DAHOMEY, de Mati Diop (Senegal): Laureada em 2019 com o Grande Prêmio do Júri de Cannes de 2019 por "Atlantique" (hoje na Netflix), a atriz e diretora franco-senegalesa ganhou o Urso de Ouro da Berlinale com esta aula de geopolítica. Seu roteiro é estruturado como a cartografia do tráfego de uma série de relíquias beninenses, surrupiadas por colonizadores europeus, de volta ao lar. Uma dessas peças, a estátua chamada de Número 26, é quem narra a rapinagem histórica sofrida por populações da África, como se fosse uma entidade.

LONGLEGS - VÍNCULO MORTAL ("Longlegs"), de Osgood Perkins (EUA): Fenômeno inusitado de bilheteria, este thriller macabro de US$ 10 milhões arrecadou US$ 127 milhões e repaginou a imagem (há muito sucateada) de Nicolas Cage numa dramaturgia com ecos de "O Silêncio dos Inocentes" (1991). Amparado na aeróbica de câmera do fotógrafo Andrés Arochi, com planos quadrangulares, supercloses e muita grande angular, este suspense disseca, camada por camada, as angústias existenciais da agente do FBI Lee Harker (Maika Monroe, impecável) ao investigar uma série de mortes brutais alinhavadas sob símbolos de natureza satânica ligadas a um psicopata exótico (Cage, sublime).

JURADO Nº 2 ("Juror #2"), de Clint Eastwood (EUA): Em cartaz na MAX e na Amazon Prime, este thriller jurídico pode ser o derradeiro trabalho de direção do realizador duplamente oscarizado por "Os Imperdoáveis" (1992) e "Menina de Ouro" (2004), que hoje tem 93 anos. Sua habitual angústia acerca de responsabilidade e consciência pesada repousa aqui numa corte na qual um jornalista alcoolista (Nicholas Hoult) precisa analisar um caso de feminicídio. O dilema: bêbado, ele pode atropelado a vítima e, não, o atual réu.

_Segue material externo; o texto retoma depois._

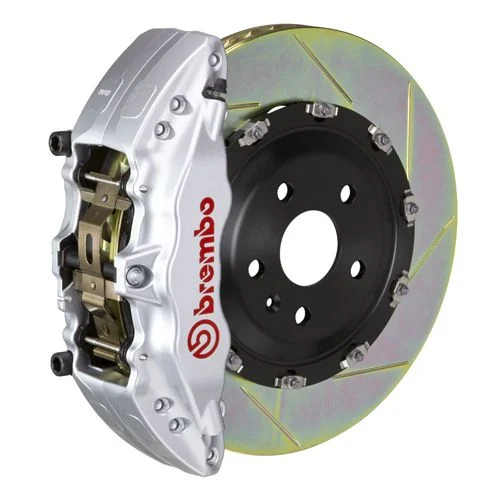 Brembo GT Series 6-Piston Front Big Brake Kit with 15-Inch 2-Piece Type 1 Slotted Rotors; Silver Calipers (21-26 F-150, Excluding Raptor)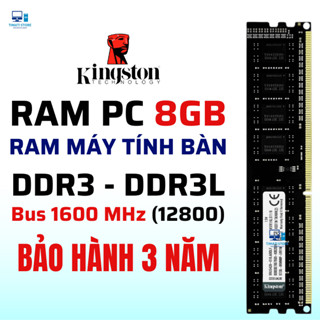 Ram PC KINGSTON 8GB DDR3 bus 1600Mhz Memory Ram máy tính bàn PC3 12800 DIMM Desktop - Bảo hành 3 năm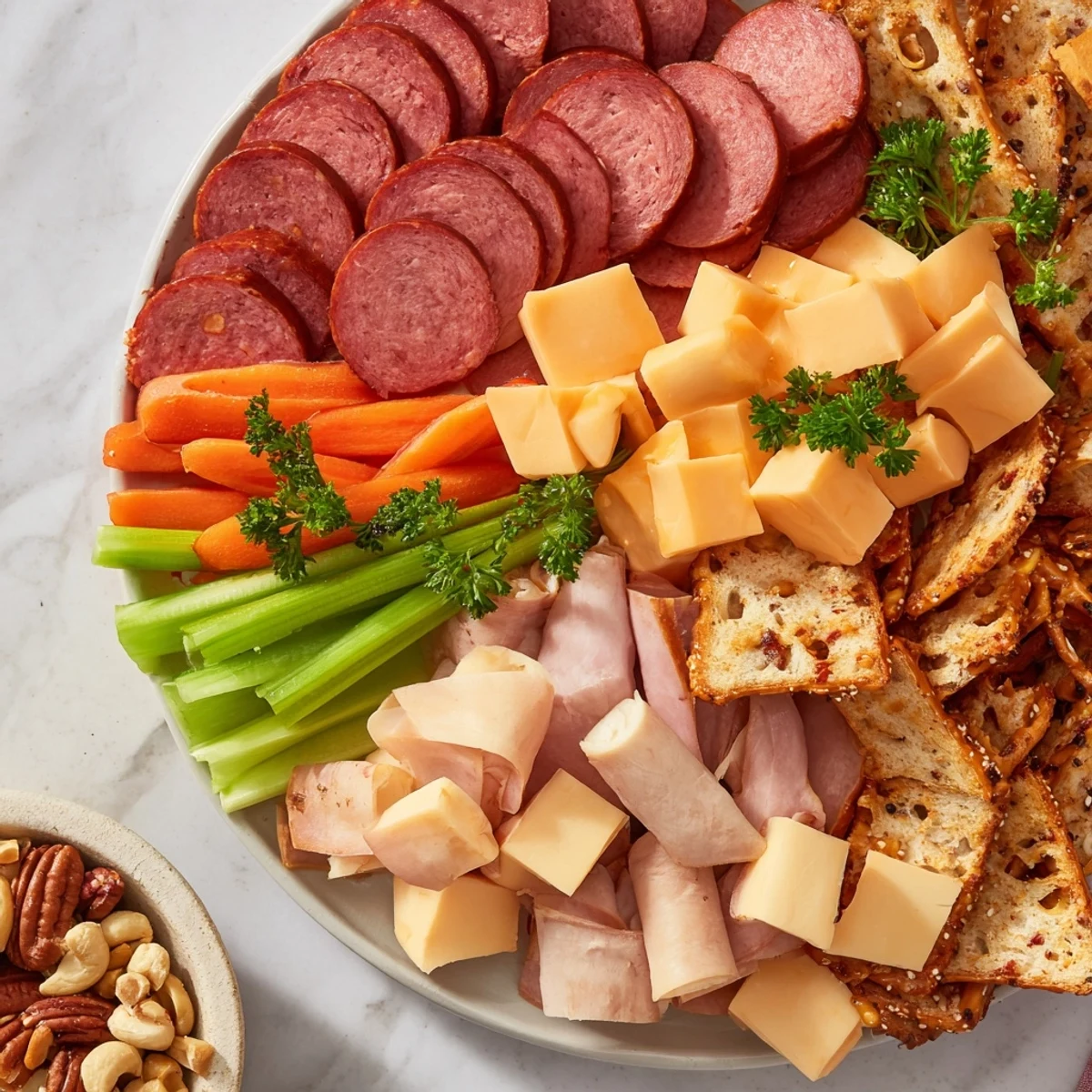 A loaded tailgate party power stack: layers of meats, cheeses, crackers, and veggies make a hearty appetizer.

NÃO ESPERE MUITO DO FIM DO MUNDO ("Nu Astepta Prea Mult De La Sfârsitul Lumii"), de Radu Jude (Romênia): É o novo longa do diretor de "Má Sorte no Sexo ou Pornô Acidental" (Urso de Ouro de 2021). Ganhou o Prêmio do Júri em Locarno e entrou no Top Ten da "Cahiers du Cinéma". Sua atriz, Ilinca Manolache, tem um desempenho em estado de graça. Apesar disso tudo, esta joia não teve lugar em circuito, estreando diretamente na MUBI. Jude estuda o sucateamento das relações laborais, centrada no empenho de uma produtora (Ilinca, brilhante) em filmar pessoas que sofreram acidentes de trabalho. Sua abordagem debochada é hilária.

ARMADILHA ("Trap"), de M. Night Shyamalan (EUA): No roteiro mais doido (leia-se "livre") de sua trajetória de (bons) scripts repletos de viradas, o diretor de "O Sexto Sentido" (1999) aplica todas as fórmulas de tensão que aprendeu vendo Hitchcock e potencializa cada uma, com sua aeróbica de enquadramentos inquieta, para narrar o cerco a um psicopata (Josh Hartnett) que, pra manter a fachada de cordeiro, leva a filha ao show de uma estrela pop. Claustrofobia pura.